CZECH private operator RegioJet is planning to serve Ukraine from early January 2024 with an overnight service from Prague to Chop via the Čierna nad Tisou border crossing in Slovakia.

The new service will use the 37km standard-gauge line that runs from the border to Chop and on to Mukachevo in Ukraine. Trains will leave Prague main station at 21.38 and arrive in Chop at 10.35, with the return service leaving Chop at 17.30 to arrive in Prague at 05.07.

The service to Chop will initially be operated with a three-coach train accommodating 140 passengers, with 80 in sleeping accommodation and 60 seated. Between Prague and Košice in Slovakia, the train will be conveyed by RegioJet’s daily Regiojet Praha - Košice - Humenné service.

As RegioJet has no licence to operate in Ukraine, the new service will be operated in conjunction with Ukrainian Railways (UZ), with RegioJet paying track access charges to UZ’s infrastructure management department. Connections with UZ domestic services are to be provided at Chop in the 2024 timetable that will come into force on December 10.

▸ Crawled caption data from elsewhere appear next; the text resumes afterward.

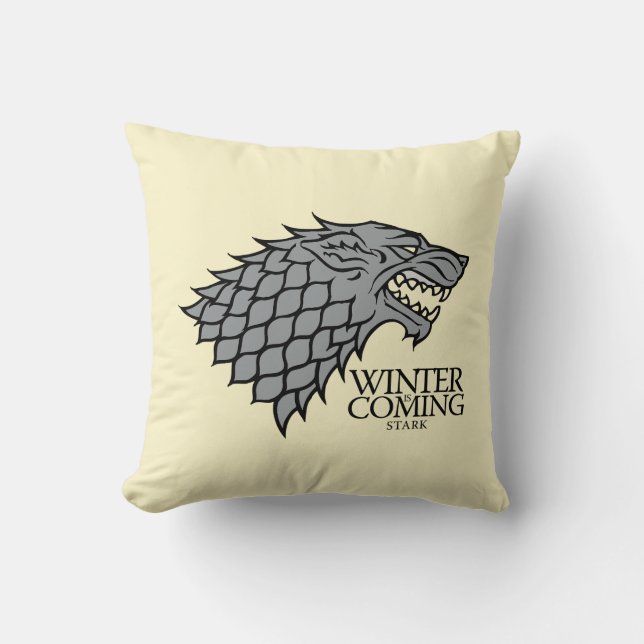 Coussin Stark Sigil - L'Hiver Arrive (Recto)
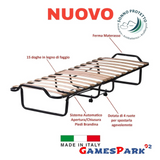 Qualydorm Letto branda Pieghevole in Ferro antiruggine con Ruote doghe in Legno Materasso in WaterFoam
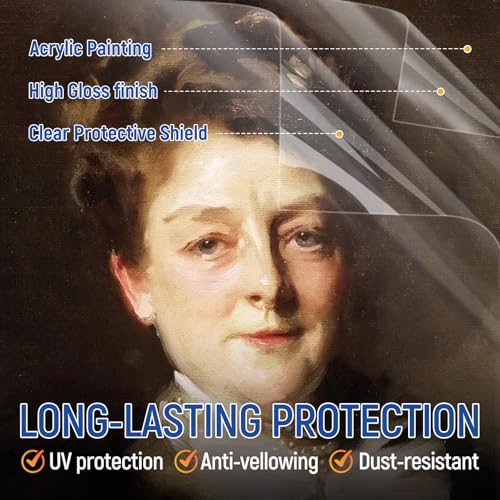 Gloss Varnish for Acrylic Painting, Artist's Acrylic Varnish Kit, Non-Yellowing, Non-Toxic, Anti-Crazing, High Gloss Finish for Artwork, Acrylics Paint, Suitable for Pro Artists, Hobby Painter - style: Gloss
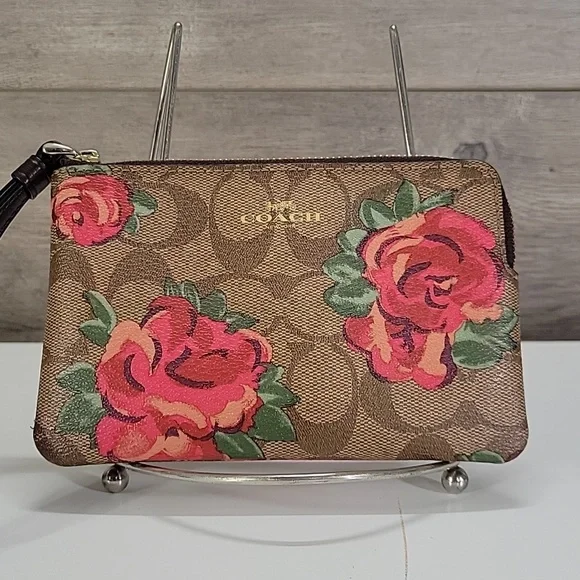 Coach Jumbo Rose Signature Coated Canvas Wristlet Wallet - Picture 2 of 11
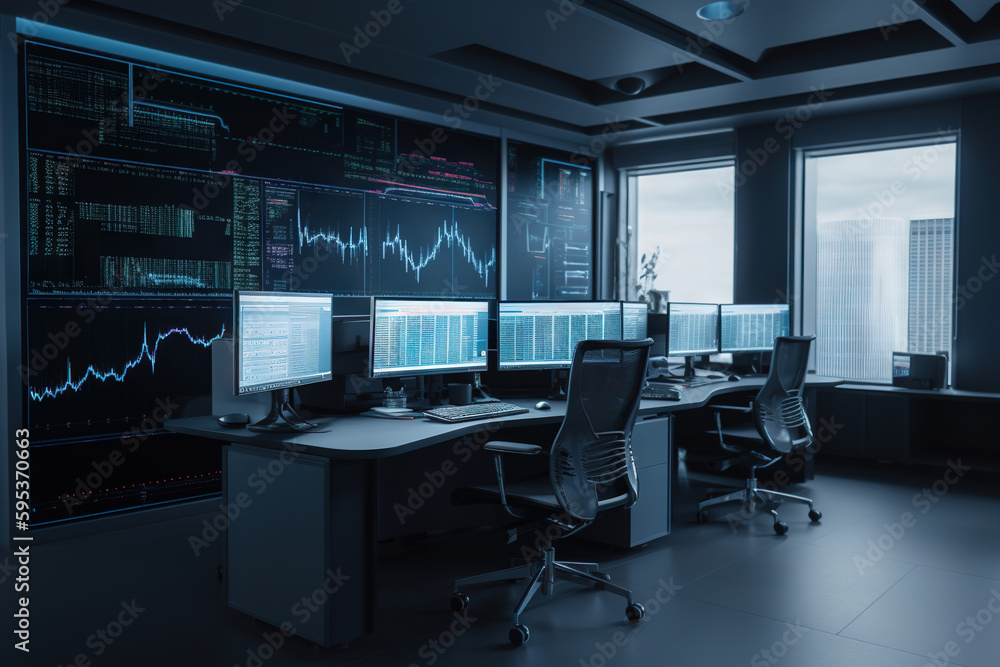 Office with trading setup, financial charts, forex trading, crypto trading, stocks trading, trading charts, monitors with charts, financial markets, charts analysis, finance statistics. Generative AI Office with trading setup, financial charts, forex trading, crypto trading, stocks trading, trading charts, monitors with charts, financial markets, charts analysis, finance statistics. Generative AI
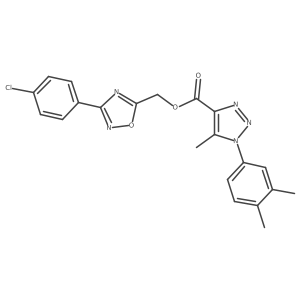 (3-(4-chlorophenyl)-1,2,4-oxadiazol-5-yl)methyl 1-(3,4-dimethylphenyl)-5-methyl-1H-1,2,3-triazole-4-carboxylate结构式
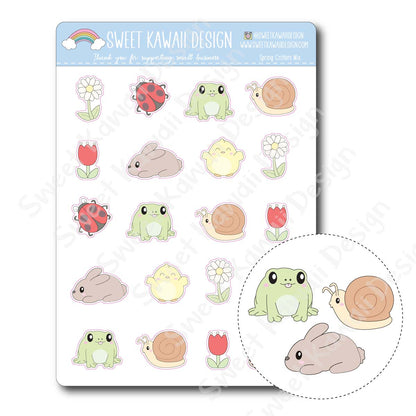 Kawaii Spring Critters Stickers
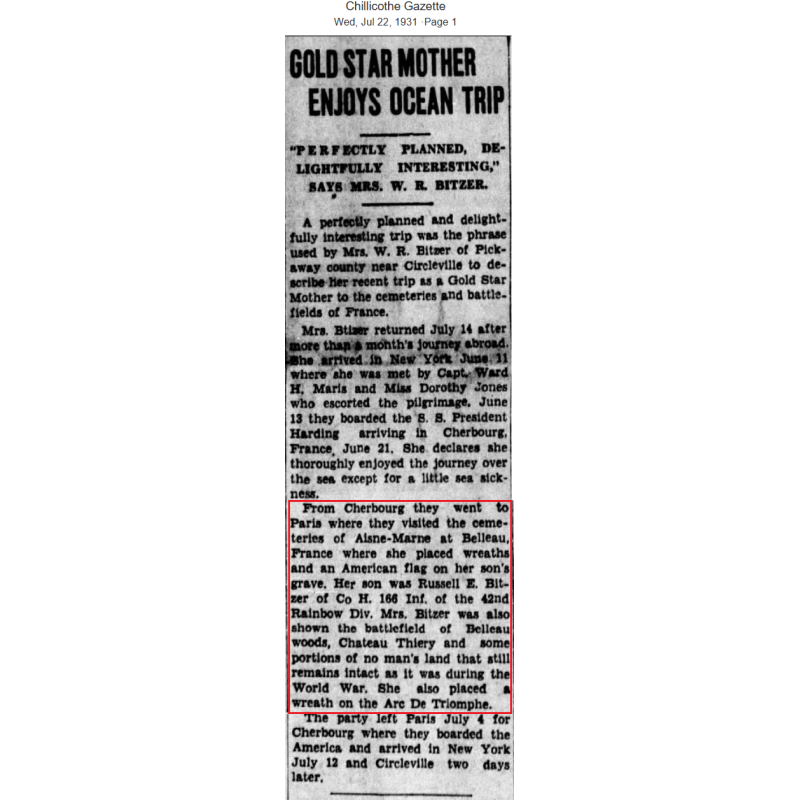 Laissez-passer, GOLD STAR MOTHERS PILGRIMAGE, mère du Pfc. Russell Bitzer, AEF, KIA, 30 juillet 1918
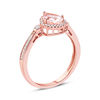 Thumbnail Image 2 of Pear-Shaped Morganite and 1/6 CT. T.W. Diamond Frame Ring in 10K Rose Gold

RegioJet is also planning to link Ukraine with other capital cities in central Europe by rail. Operated in conjunction with UZ, a service to Berlin would run via the border crossing at Przemyśl in Poland, but this would require further infrastructure investment and preferably the extension of 1435mm gauge as far as Lviv in Ukraine.

According to the Czech operator, substantial investment is required to accommodate longer trains and handle more passengers at Mostyska II station in Ukraine, doubling capacity at this border crossing which Regiojet sees as the principal gateway to Ukraine and its capital Kyiv.

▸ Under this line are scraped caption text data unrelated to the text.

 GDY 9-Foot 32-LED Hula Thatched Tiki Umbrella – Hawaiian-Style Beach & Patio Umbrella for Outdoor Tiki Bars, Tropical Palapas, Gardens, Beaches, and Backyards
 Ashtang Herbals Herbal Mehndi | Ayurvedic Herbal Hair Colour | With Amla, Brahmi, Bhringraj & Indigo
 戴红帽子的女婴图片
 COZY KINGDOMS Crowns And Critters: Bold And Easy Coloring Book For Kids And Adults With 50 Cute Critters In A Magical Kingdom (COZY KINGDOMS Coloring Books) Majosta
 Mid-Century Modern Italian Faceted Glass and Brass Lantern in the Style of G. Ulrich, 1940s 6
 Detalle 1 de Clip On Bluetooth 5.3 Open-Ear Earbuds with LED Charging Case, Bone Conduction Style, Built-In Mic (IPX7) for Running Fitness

Until then, the Berlin train will start next year change as an overnight service from Przemyśl to Hannover.

Providing its new services entirely on a commercial basis, RegioJet will not be the sole passenger operator on the 1435mm-gauge routes into Ukraine. Slovakian national operator ZSSK runs a twice-day service to Chop and Mukachevo, while there are up to eight pairs of trains a day operated by Hungarian State Railways (MÁV) from Záhony to Chop.